British Columbia has some very beautiful sites and many of those sites are on Indigenous land. We hear at the being of events an acknowledgement to the Indigenous people and culture that exist on that land people colonialism took over the land. The steps are a very good start but we need to move forward to ensure that before the land is changed or developed that the people with ancient ties to the land are in agreement with the development. As modern society is facing the climate changes that are coming we need to remember the ancient ways of protecting the land that we need to live. By renaming protected with their Indigenous names we can start this process.
Areas in the Sunshine Coast are undergoing name changes to reflect the language, culture and heritage of local Indigenous peoples.
In co-operation with the shíshálh Nation, the Province has restored the name of the Wilson Creek community to ts’uḵw’um. This name will be shared with the nearby creek. The water feature of Saltery Bay has also restored its name of sḵelhp.
“This is a good step on the path of reconciliation,” said hiwus (Chief) Warren Paull of the shíshálh Nation. “Recognizing the original names of the area has great meaning to our people and is one aspect of revitalizing our language. We appreciate the support of our provincial and regional district partners. Working together, we are charting a new, respectful and co-operative future for shíshálh members and all those who live within our swiya.”
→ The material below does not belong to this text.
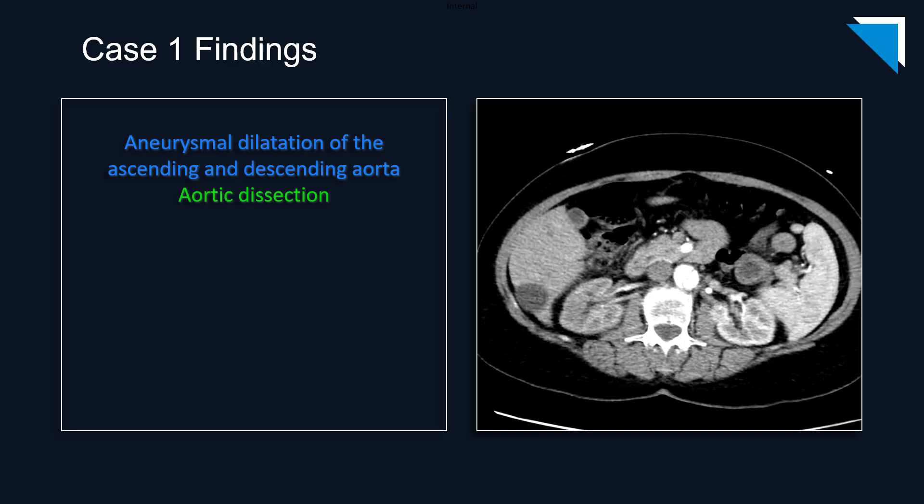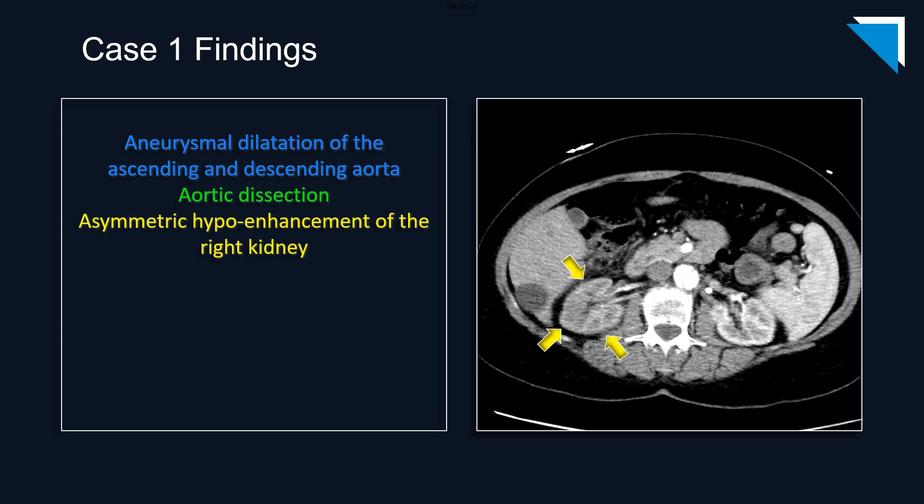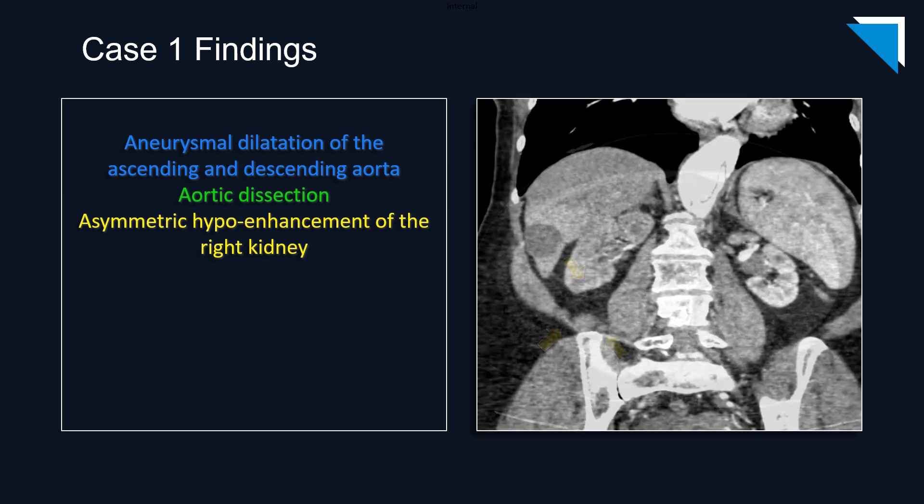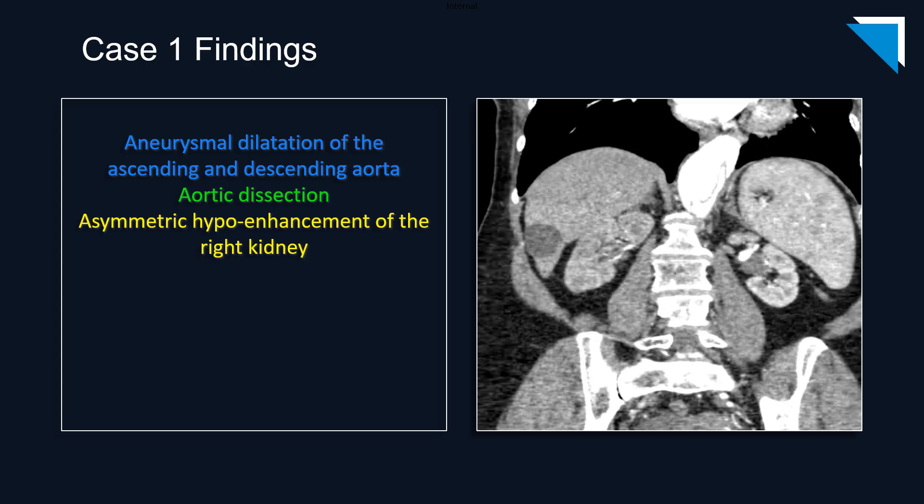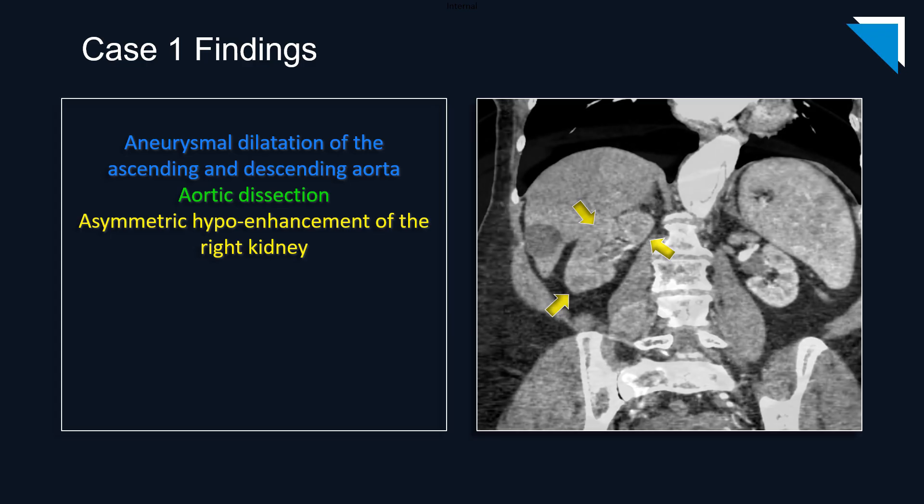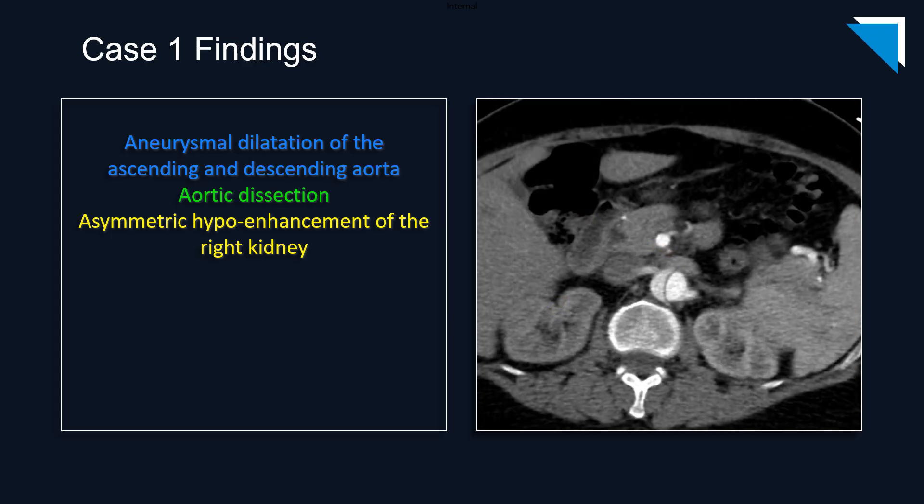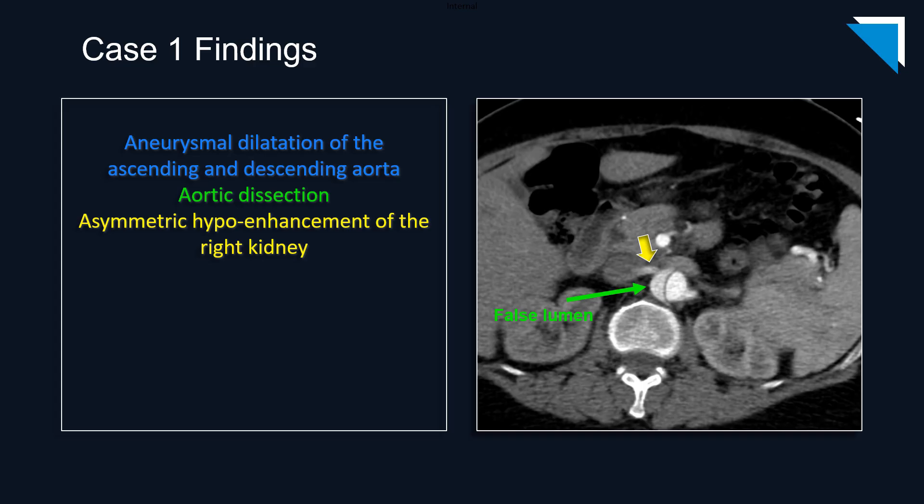Another axial slice at the level of the kidneys reveals asymmetric hypoattenuation or hypoenhancement of the right kidney relative to the left. On this coronal image, the differential enhancement of the kidneys should be clear. Following the right renal artery back to its origin, we can see that it originates from the false lumen of the aortic dissection, which accounts for the hypoperfusion of the right kidney.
Katrine Conroy, Minister of Forests, Lands, Natural Resource Operations and Rural Development, said: “Working together with partners like the shíshálh Nation is how we make meaningful progress towards reconciliation. Honouring the language and history of Indigenous peoples is profoundly important, and so I am elated at the return of the traditional names ts’uḵw’um and sḵelhp to the shíshálh swiya/Sunshine Coast area.”
The 2018 Foundation Agreement between the shíshálh Nation and the provincial government includes consideration of several changes back to shíshálh place names. The agreement also includes the transfer of land to shíshálh, funds for shíshálh to purchase timber volume and commitments for co-operation on land-use planning and shared decision-making.
“Colonial policy and the residential school system tried to extinguish Indigenous language and culture,” said Murray Rankin, Minister of Indigenous Relations and Reconciliation. “By restoring these ancient placenames, we respect and honour the shíshálh Nation’s deep connection with the swiya and to their language and culture.”
Recognizing Indigenous place names is part of B.C.’s work to advance reconciliation and implement the United Nations Declaration on the Rights of Indigenous Peoples through the Declaration on the Rights of Indigenous Peoples Act.
In accordance with the B.C. Geographical Naming Policy, local and Indigenous governments, as well as relevant organizations, were invited to comment on the proposed name changes and bring forward any local or heritage considerations and comments. The comment period was from Jan. 20, 2020, to Dec. 31, 2020.
Lori Pratt, chair, Sunshine Coast Regional District –
“Along with our board, I am well aware of the deeply meaningful naming practices of Indigenous peoples. We celebrate these name changes along with the shíshálh Nation and continue to offer our support as they work to further restore their place names in the region.”
Darnelda Siegers, mayor, District of Sechelt –
“The District of Sechelt Council is pleased to have supported the return of Wilson Creek to its original name, ts’uḵw’um. This is one small but important part of building relationships, cultural awareness, respect and reconciliation.”
- Both ts’uḵw’um and sḵelhp are ancient names in the shíshálh language.
- ts’uḵw’um refers to an important shíshálh village site, while sḵelhp was the historic name used to refer to Saltery Bay, though the original meaning of the word has been lost to time.
- Input during the comment period for these name changes showed broad support for their cultural significance.